15. THE MORAL QUANTITIES MUST NOT BE EXCLUDED IN WAR.
But now the activity in War is never directed solely against matter; it is always at the same time directed against the intelligent force which gives life to this matter, and to separate the two from each other is impossible.
But the intelligent forces are only visible to the inner eye, and this is different in each person, and often different in the same person at different times.
As danger is the general element in which everything moves in War, it is also chiefly by courage, the feeling of one's own power, that the judgment is differently influenced. It is to a certain extent the crystalline lens through which all appearances pass before reaching the understanding.
And yet we cannot doubt that these things acquire a certain objective value simply through experience.
Every one knows the moral effect of a surprise, of an attack in flank or rear. Every one thinks less of the enemy's courage as soon as he turns his back, and ventures much more in pursuit than when pursued. Every one judges of the enemy's General by his reputed talents, by his age and experience, and shapes his course accordingly. Every one casts a scrutinising glance at the spirit and feeling of his own and the enemy's troops. All these and similar effects in the province of the moral nature of man have established themselves by experience, are perpetually recurring, and therefore warrant our reckoning them as real quantities of their kind. What could we do with any theory which should leave them out of consideration?
Certainly experience is an indispensable title for these truths. With psychological and philosophical sophistries no theory, no General, should meddle.
16. PRINCIPAL DIFFICULTY OF A THEORY FOR THE CONDUCT OF WAR.

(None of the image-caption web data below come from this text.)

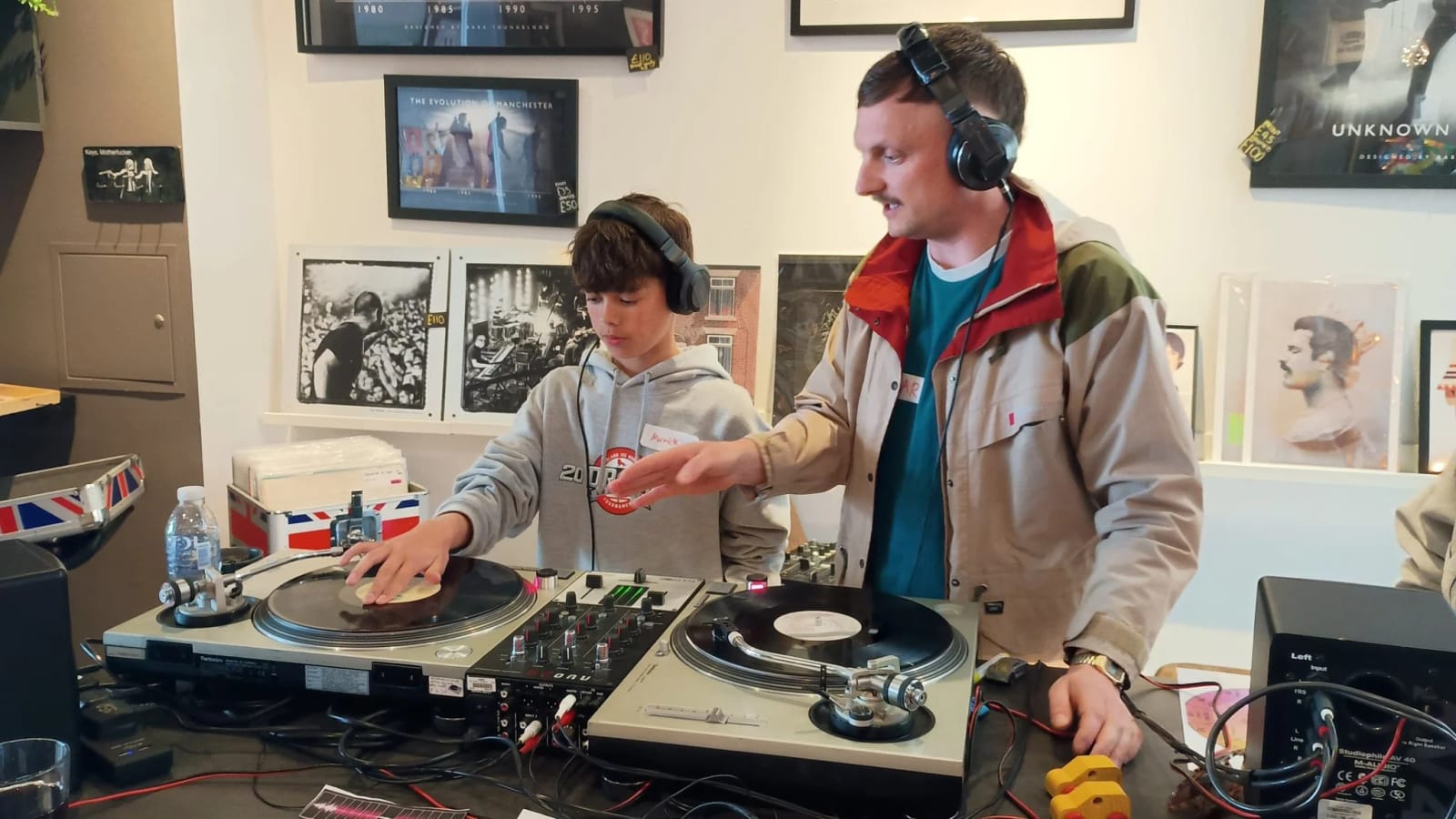 Proper Sound photo 7
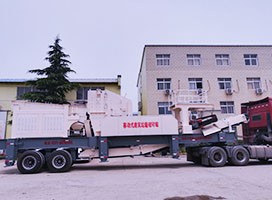 中意礦機(jī)制砂機(jī)，將人工洗砂推向未來(lái)行業(yè)市場(chǎng)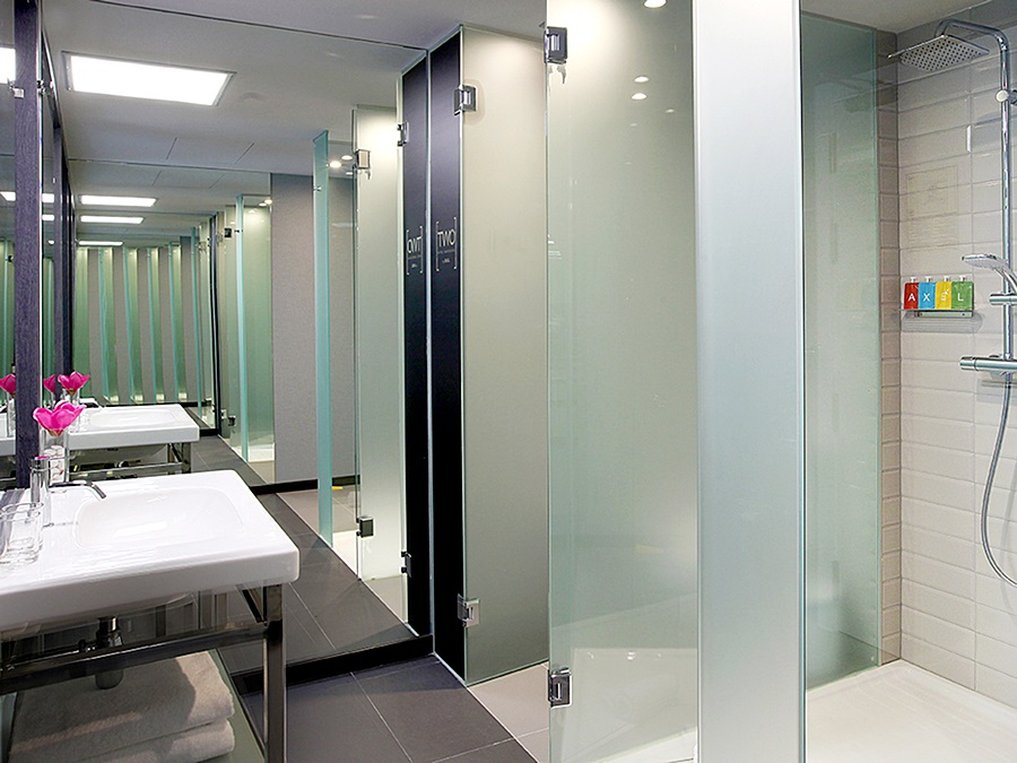 TWO Hotel Barcelona by Axel - Adults Only 31/33
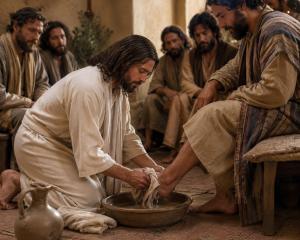 embodying the gospel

In order to comprehend clearly the difficulty of the proposition which is contained in a theory for the conduct of War, and thence to deduce the necessary characteristics of such a theory, we must take a closer view of the chief particulars which make up the nature of activity in War.
17. FIRST SPECIALITY.—MORAL FORCES AND THEIR EFFECTS. (HOSTILE FEELING.)
The first of these specialities consists in the moral forces and effects.
The combat is, in its origin, the expression of HOSTILE FEELING, but in our great combats, which we call Wars, the hostile feeling frequently resolves itself into merely a hostile VIEW, and there is usually no innate hostile feeling residing in individual against individual. Nevertheless, the combat never passes off without such feelings being brought into activity. National hatred, which is seldom wanting in our Wars, is a substitute for personal hostility in the breast of individual opposed to individual. But where this also is wanting, and at first no animosity of feeling subsists, a hostile feeling is kindled by the combat itself; for an act of violence which any one commits upon us by order of his superior, will excite in us a desire to retaliate and be revenged on him, sooner than on the superior power at whose command the act was done. This is human, or animal if we will; still it is so. We are very apt to regard the combat in theory as an abstract trial of strength, without any participation on the part of the feelings, and that is one of the thousand errors which theorists deliberately commit, because they do not see its consequences.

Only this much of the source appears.